We've previously written about the frustratingly imprecise nature of LLM benchmarks and how that leads the industry to rely on "vibes," as Willison calls them, through A/B usage testing on leaderboards like Chatbot Arena.

But with vibes, it's hard to pin down what an LLM's capabilities actually are. "It seems to 'know more stuff' than GPT-4, at least from my own initial impressions," Willison said, basically thinking out loud. "But is that the model itself, or can it do RAG [retrieval augmented generation] and look stuff up elsewhere? I'm pretty sure it's not doing RAG, but I'm not 100 percent certain because no one has told us anything about it."

Willison also called into question the policy of LMSYS allowing anonymous AI language models on the site, wondering if the launch was a buzz-building marketing stunt. "They're supposed to be a neutral benchmarking tool; it's not a great look if they're working behind-the-scenes with model vendors in an opaque manner like this," Willison said on X.

Shortly after, LMSYS replied to Willison's concerns in a way that repeats the organization's written policy: "We've partnered with several model developers to bring their new models to our platform for community preview testing. These models are strictly for testing and won't be listed on the leaderboard until they go public."

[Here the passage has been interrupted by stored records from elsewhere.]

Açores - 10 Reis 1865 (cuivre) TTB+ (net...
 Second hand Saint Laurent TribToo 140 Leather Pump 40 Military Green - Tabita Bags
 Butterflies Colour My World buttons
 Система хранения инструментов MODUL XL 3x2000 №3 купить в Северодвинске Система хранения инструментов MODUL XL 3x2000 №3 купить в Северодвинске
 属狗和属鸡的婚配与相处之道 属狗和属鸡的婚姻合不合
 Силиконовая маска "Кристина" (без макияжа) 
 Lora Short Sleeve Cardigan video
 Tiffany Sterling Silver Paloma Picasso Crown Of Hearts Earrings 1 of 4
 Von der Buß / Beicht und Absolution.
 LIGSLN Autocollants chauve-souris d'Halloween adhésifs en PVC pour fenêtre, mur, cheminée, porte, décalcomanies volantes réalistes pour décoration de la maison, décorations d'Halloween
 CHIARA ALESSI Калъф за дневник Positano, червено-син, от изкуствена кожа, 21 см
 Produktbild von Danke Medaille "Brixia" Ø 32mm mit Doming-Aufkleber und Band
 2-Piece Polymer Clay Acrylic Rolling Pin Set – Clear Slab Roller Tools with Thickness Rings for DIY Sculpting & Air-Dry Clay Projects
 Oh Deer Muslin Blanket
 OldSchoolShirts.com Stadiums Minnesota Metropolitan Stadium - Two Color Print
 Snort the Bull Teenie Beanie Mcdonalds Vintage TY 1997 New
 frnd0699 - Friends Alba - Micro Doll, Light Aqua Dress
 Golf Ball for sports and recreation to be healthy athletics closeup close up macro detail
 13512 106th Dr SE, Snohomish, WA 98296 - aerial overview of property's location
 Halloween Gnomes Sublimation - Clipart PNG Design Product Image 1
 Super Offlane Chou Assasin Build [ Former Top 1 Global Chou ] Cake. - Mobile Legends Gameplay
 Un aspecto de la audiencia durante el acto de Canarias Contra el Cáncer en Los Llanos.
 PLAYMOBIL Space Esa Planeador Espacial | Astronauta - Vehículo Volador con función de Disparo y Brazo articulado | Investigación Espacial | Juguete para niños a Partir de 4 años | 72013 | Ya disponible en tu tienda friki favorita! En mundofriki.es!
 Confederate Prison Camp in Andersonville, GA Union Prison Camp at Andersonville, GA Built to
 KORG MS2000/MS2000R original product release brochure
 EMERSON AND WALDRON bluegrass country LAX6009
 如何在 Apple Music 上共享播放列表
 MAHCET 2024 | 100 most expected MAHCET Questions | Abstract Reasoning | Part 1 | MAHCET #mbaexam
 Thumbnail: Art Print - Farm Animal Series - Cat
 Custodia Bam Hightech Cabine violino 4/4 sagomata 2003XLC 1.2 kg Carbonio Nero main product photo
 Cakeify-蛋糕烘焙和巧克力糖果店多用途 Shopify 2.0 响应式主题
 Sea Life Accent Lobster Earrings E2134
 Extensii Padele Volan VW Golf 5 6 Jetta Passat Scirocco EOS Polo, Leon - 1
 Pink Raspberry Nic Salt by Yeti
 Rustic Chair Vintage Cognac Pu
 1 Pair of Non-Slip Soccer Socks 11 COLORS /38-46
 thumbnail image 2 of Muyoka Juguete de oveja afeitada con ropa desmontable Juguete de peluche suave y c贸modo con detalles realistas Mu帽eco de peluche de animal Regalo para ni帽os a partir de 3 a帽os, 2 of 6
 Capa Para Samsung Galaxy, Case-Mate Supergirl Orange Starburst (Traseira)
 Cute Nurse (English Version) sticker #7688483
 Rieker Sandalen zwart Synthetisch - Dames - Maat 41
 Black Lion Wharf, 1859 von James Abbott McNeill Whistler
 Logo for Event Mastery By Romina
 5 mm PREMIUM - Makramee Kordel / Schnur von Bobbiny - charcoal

This is apparently not the first time an unreleased model has been in the LMSYS arena. LMSYS policy says, "We allow model providers to test their unreleased models anonymously (i.e., the model's name will be anonymized). A model is unreleased if its weights are neither open nor available via a public API or service."

We reached out to LMSYS for comment but did not receive a response by press time.

Still, Willison is frustrated about the lack of public information from whoever is responsible for the gpt-2chatbot. "I get it, it's a great way to get some buzz going and a fun mystery for people," he told us. "But come on now, why does everything have to be a game? Tell us about your new model already!"

Willison isn't alone in his frustration. On X, Wharton professor Ethan Mollick tweeted, "OpenAI may be one of the most important technology companies in the world today, but they really like to communicate through hints and oracular whispers. What is GPT2? At this rate we will only know that GPT-5 is being launched from an 'I Love Bees'-esque Alternate Reality Game."